Some defenders of America's legal system contend that justice is ultimately served in wrongful conviction cases because those victimized by them receive financial compensation for the years they spent in prison. But that too is a myth. In 1996, Richard Alexander, an African-American man, was convicted of committing several sexual assaults in River Park, a predominantly white suburb of South Bend, Indiana. None of the physical evidence matched Alexander, and the attacks continued while he was in jail awaiting trial. Nonetheless, he was tried for the assaults where no physical evidence existed, only the eyewitness identification of the victims. After a racially mixed jury failed to reach a verdict in his first trial, the prosecution retried Alexander in front of an all-white jury, and he was convicted and sentenced to seventy years in prison. He served a little over five before the real perpetrator was caught.
Since Indiana, a racist, corrupt, and politically backward state where billionaires control the Republicans and Republicans control the Statehouse, has no law to compensate the wrongfully imprisoned, Alexander had to file a lawsuit in federal court to obtain compensation for his years of wrongful imprisonment. This required him to also meet the ridiculous legal burden of proving that he had been prosecuted in "bad faith." Federal Magistrate Christopher Nuechterlein, making a decision that should have been made by a jury, subsequently ruled that Alexander could not satisfy the bad faith standard, and dismissed his case, meaning that, for losing five years of his life, Alexander did not receive a single penny.

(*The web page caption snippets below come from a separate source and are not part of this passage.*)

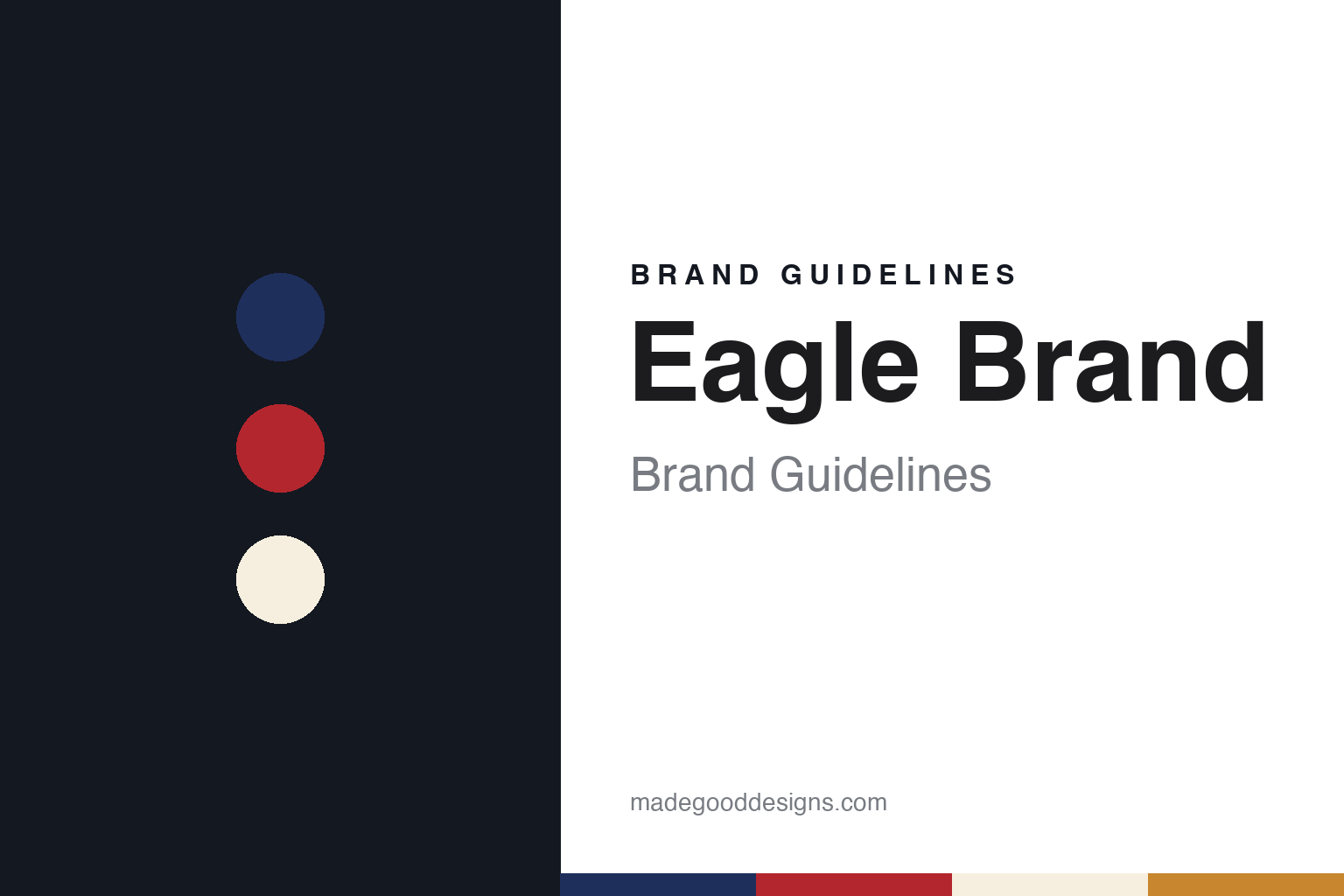 Eagle Brand brand guidelines — abstract colour discs and material texture (original homage; not a Eagle Brand product or logo)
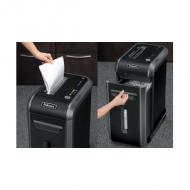 Fellowes Aktenvernichter Powershred 99Ci, Partikel 3,9 x 38 mm, Schnittleistung: 18 Blatt, Auffangvolumen: 34 Liter, Arbeitsbreite: 230 mm, Sicherheitsstufe: P-4 / O-3 / T-4, vernichtet CDs / Kreditkarten / Heft- / Büroklammern, schwarz /  silber, Maße: (B)290 x (T)440 x (H)640 mm (4691001 / 4691701)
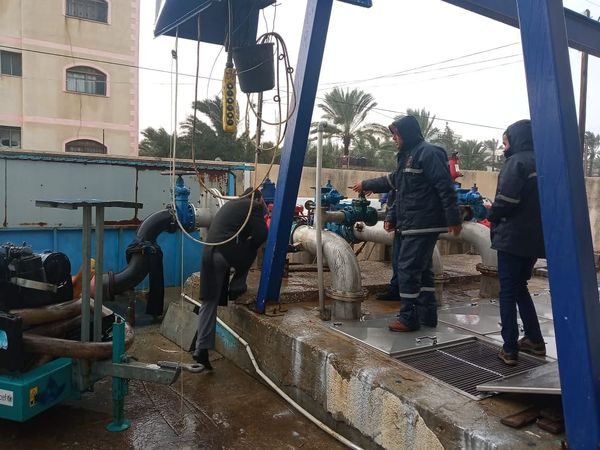 تفقد مضخة الصرف الصحي بالبصة والتأكيد على جهوزيتها لمواجهة تداعيات المنخفض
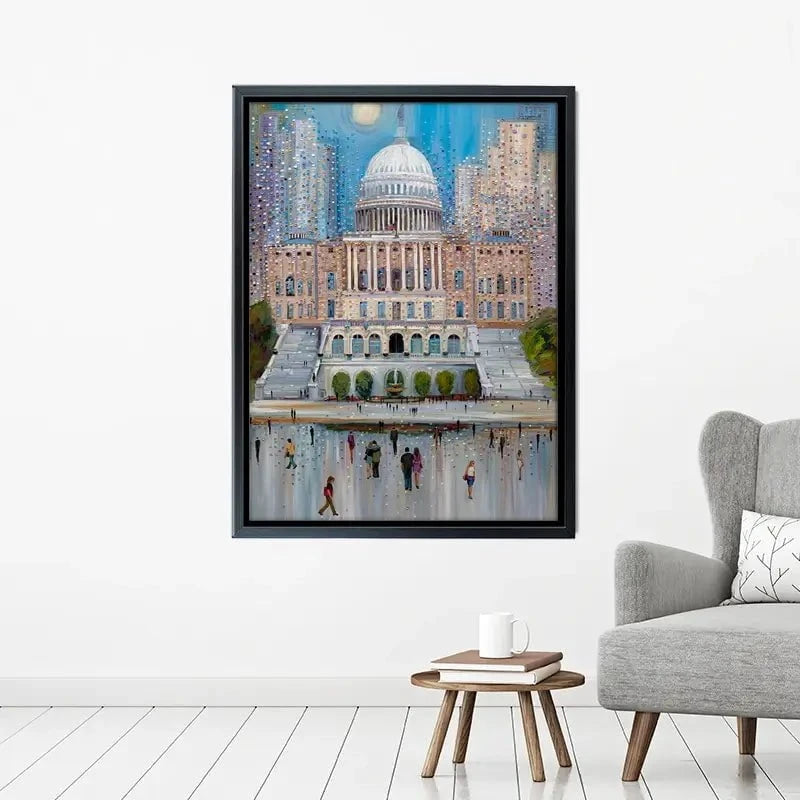 Washington DC Canvas Print Washington DC Canvas Print wall art product Ekaterina Ermilkina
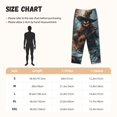 thumbnail image 4 of Halloween Pajama Pants Women, Halloween Pumpkin Guitarist Halloween Costumes Sweatpants Soft Sleep Lounge Pants, Casual PJ Bottoms Pants with Pockets, 4 of 7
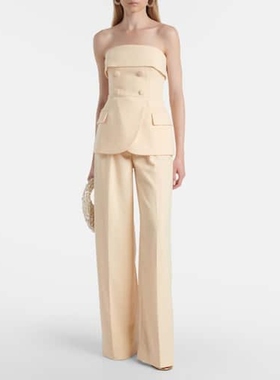 Rebecca Vallance 女款Rowan 高腰阔腿裤 迷衣时尚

If integrity and conscience are flawed social control mechanisms in the organized courtrooms of America's legal system, how effective are they during the uncontrolled chaos of war, perhaps the most dramatic change in environment and circumstances any human being can experience, and one far too many human beings have experienced? Suddenly killing to solve problems, socially and legally frowned upon under normal conditions, becomes, with a government's seal of approval, "heroic" and one's primary objective.

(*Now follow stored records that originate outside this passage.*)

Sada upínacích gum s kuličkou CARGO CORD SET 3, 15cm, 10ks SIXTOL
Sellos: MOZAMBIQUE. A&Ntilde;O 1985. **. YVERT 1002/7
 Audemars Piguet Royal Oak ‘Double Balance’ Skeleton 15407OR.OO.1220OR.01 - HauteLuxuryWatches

This question caused me to remember one of the most horrific wartime events in American history: The 1968 My Lai Massacre.
While casualty figures are uncertain, it is estimated that between 300 and 500 Vietnamese civilians, including women and children, were murdered by American troops. According to author Susan Brownmiller, some of the women were gang-raped before being killed. Three American servicemen, led by the late Hugh Thompson Jr., eventually stopped the massacre by turning their machine guns on their own troops.
Ironically, the My Lai Massacre failed to answer my questions about whether the environment and circumstances of war are sufficient to override one's internal social controls and the external social controls that a peaceful environment creates. The three American servicemen who stopped the massacre were in the same chaos, and fighting the same enemy, yet they realized that even in wartime what was happening was wrong. But the fact that so many American servicemen readily participated in the massacre also gives credence to the idea that internal and external social controls may indeed be ineffective in certain environments and/or circumstances. And acts of gang-rape, which clearly serve no combat purpose, support the contention that war may have simply been the excuse for some soldiers to engage in behavior they had a proclivity to engage in all along.
What the aftermath of My Lai does make clear is that internal and external social controls are often nonexistent in governments prosecuting a war, which means that actions considered to be atrocities and war crimes when committed by an enemy, suddenly become perfectly acceptable when a government's own troops or allies engage in them.
The three soldiers who stopped the massacre were rapidly denounced as "traitors" by hawkish politicians; the massacre itself was covered-up for eighteen months; William Calley, the only person convicted for participating in the massacre, was given a life sentence, yet only served a little over three years on house arrest; and Secretary of the Army Howard Callaway stated that Calley had just been following orders-a defense that, as a Wikipedia article accurately points out-directly contradicts the precedents set during the Nuremburg trials that followed World War II.
What the aftermath of the My Lai Massacre also established was an unwritten law that says severe punishments for war crimes will only be meted out to those who lose a war, unless they are military or economic superpowers, in which case punishments, if meted out at all, will always be light.
It is this unwritten law that guides the so-called "war on terror" today.